PROBLEM STATEMENT: For the data below, transcribe the part that opens with the line containing "Palpation is the" and closes with the line containing "Let's add little", exactly and with no pictures.

DATA UNDER STUDY:
*** Begin section ***
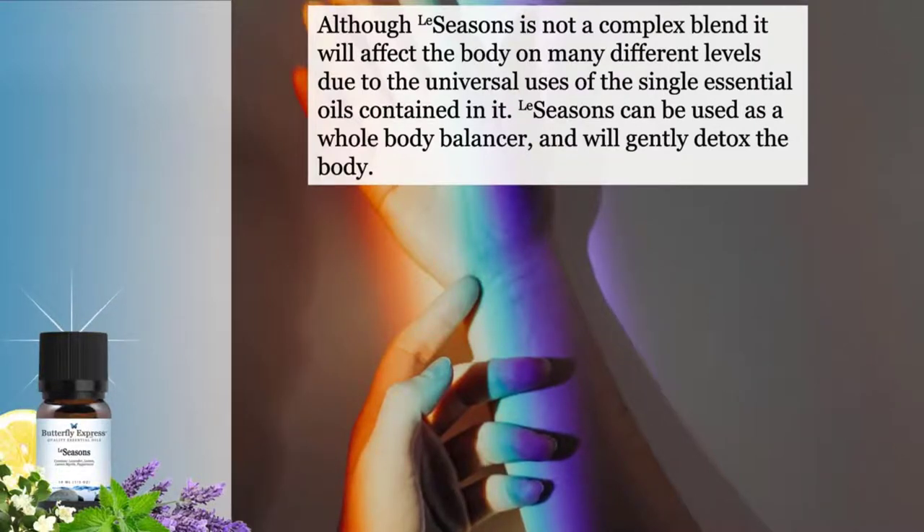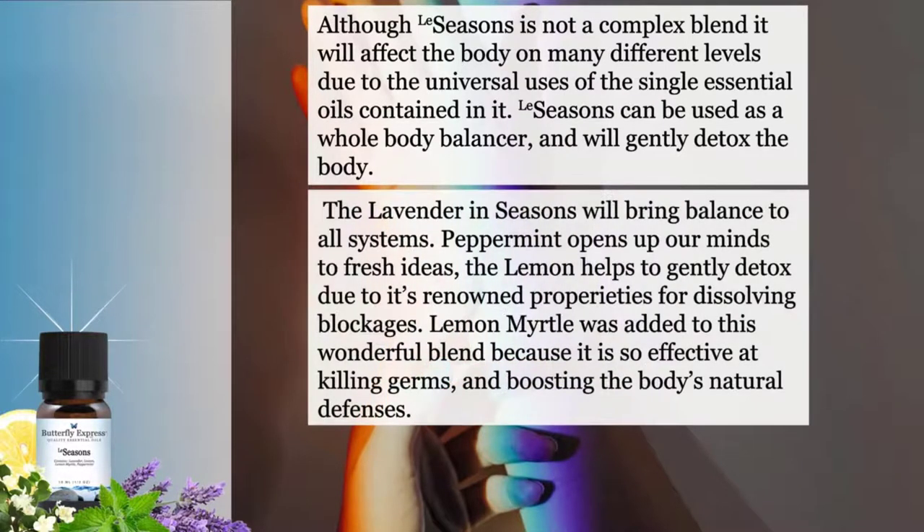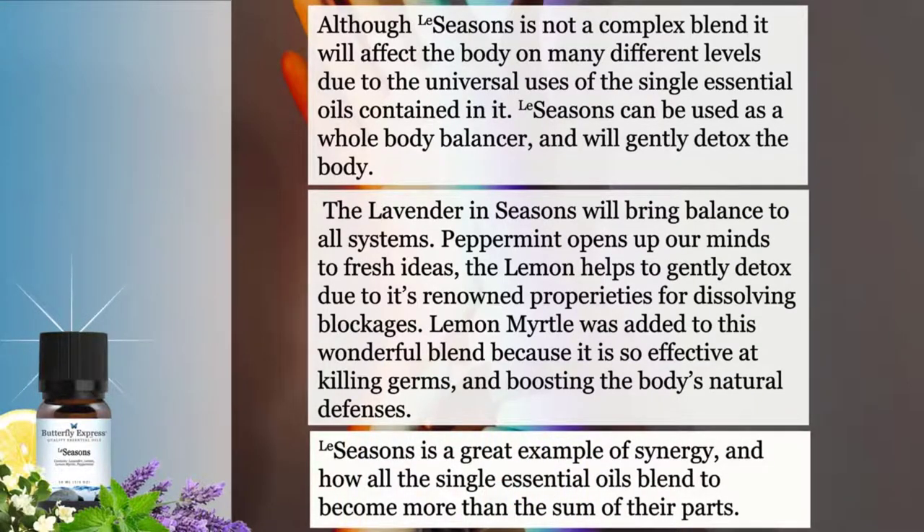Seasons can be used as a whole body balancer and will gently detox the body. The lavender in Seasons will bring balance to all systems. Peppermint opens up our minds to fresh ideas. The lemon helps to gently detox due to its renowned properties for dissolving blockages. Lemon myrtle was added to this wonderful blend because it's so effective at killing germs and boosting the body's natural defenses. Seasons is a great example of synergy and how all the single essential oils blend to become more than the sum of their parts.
*** End section ***
*** Begin section ***
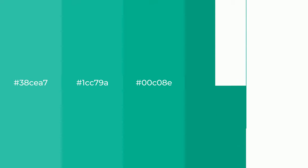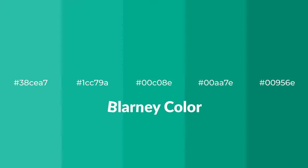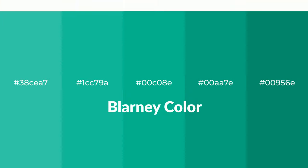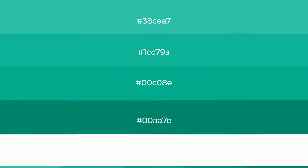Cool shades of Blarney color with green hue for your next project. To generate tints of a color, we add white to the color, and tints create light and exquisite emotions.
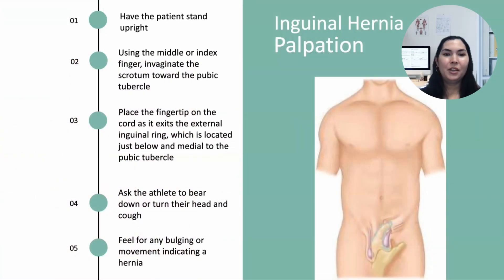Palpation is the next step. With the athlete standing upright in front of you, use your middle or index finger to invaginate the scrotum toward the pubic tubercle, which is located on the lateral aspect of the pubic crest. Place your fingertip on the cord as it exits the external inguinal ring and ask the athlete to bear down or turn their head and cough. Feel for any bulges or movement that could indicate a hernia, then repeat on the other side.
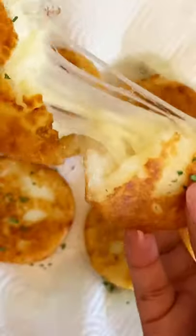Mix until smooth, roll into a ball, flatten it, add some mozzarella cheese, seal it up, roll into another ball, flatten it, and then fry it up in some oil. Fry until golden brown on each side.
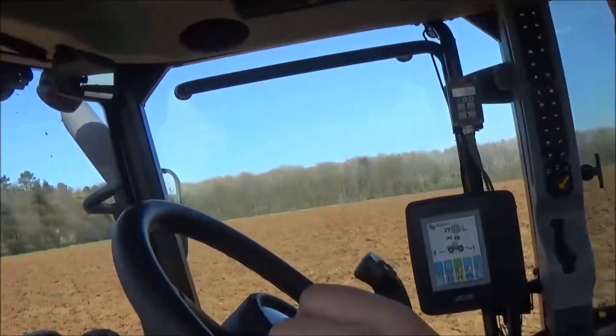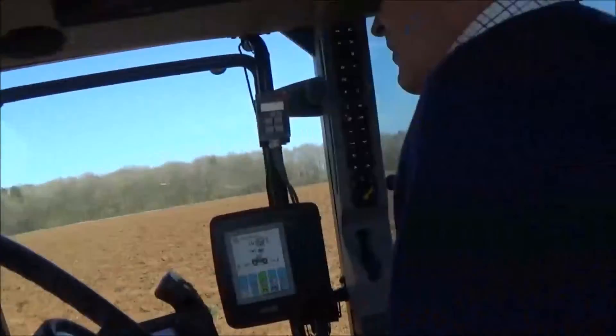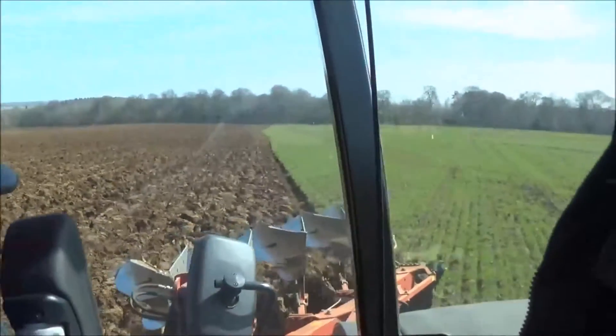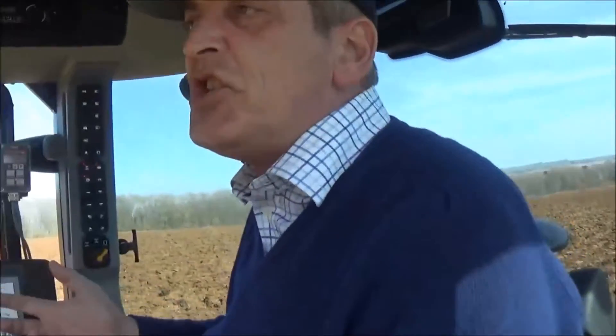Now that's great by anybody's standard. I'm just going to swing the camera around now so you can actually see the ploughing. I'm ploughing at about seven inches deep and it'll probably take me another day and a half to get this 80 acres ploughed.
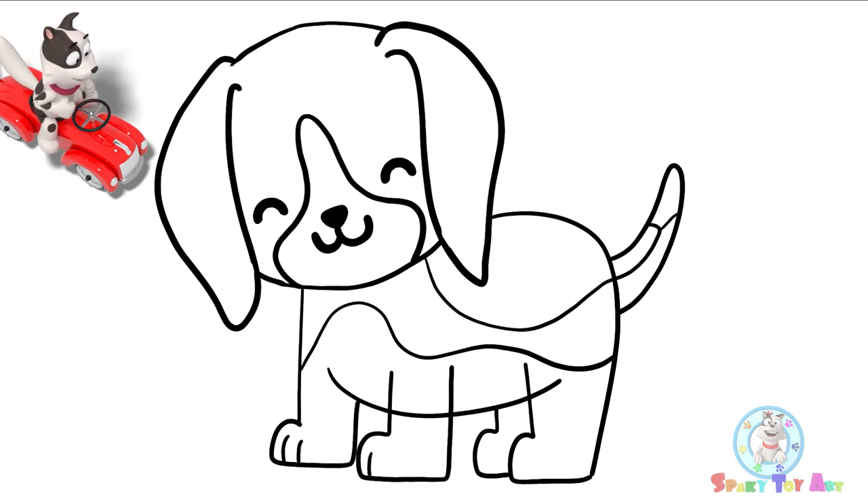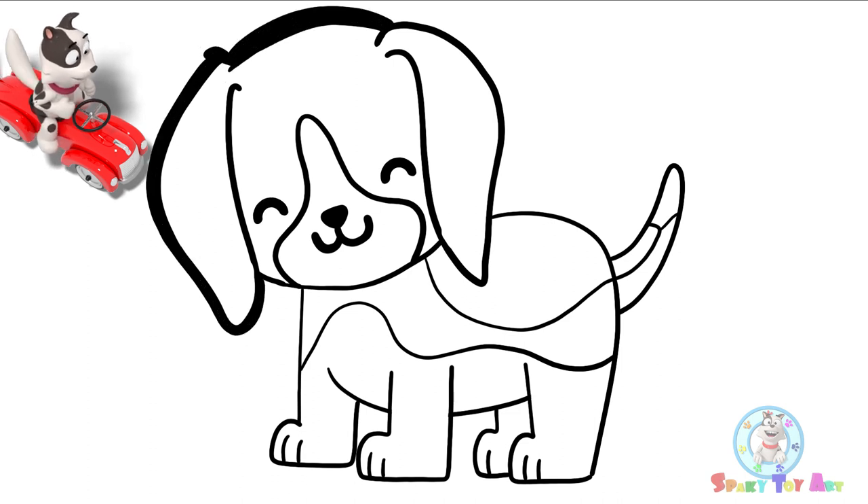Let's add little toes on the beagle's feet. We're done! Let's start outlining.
*** End section ***
RESPONSE TO THIS TASK:
Palpation is the next step. With the athlete standing upright in front of you, use your middle or index finger to invaginate the scrotum toward the pubic tubercle, which is located on the lateral aspect of the pubic crest. Place your fingertip on the cord as it exits the external inguinal ring and ask the athlete to bear down or turn their head and cough. Feel for any bulges or movement that could indicate a hernia, then repeat on the other side.
Mix until smooth, roll into a ball, flatten it, add some mozzarella cheese, seal it up, roll into another ball, flatten it, and then fry it up in some oil. Fry until golden brown on each side.
Now that's great by anybody's standard. I'm just going to swing the camera around now so you can actually see the ploughing. I'm ploughing at about seven inches deep and it'll probably take me another day and a half to get this 80 acres ploughed.
Let's add little toes on the beagle's feet. We're done! Let's start outlining.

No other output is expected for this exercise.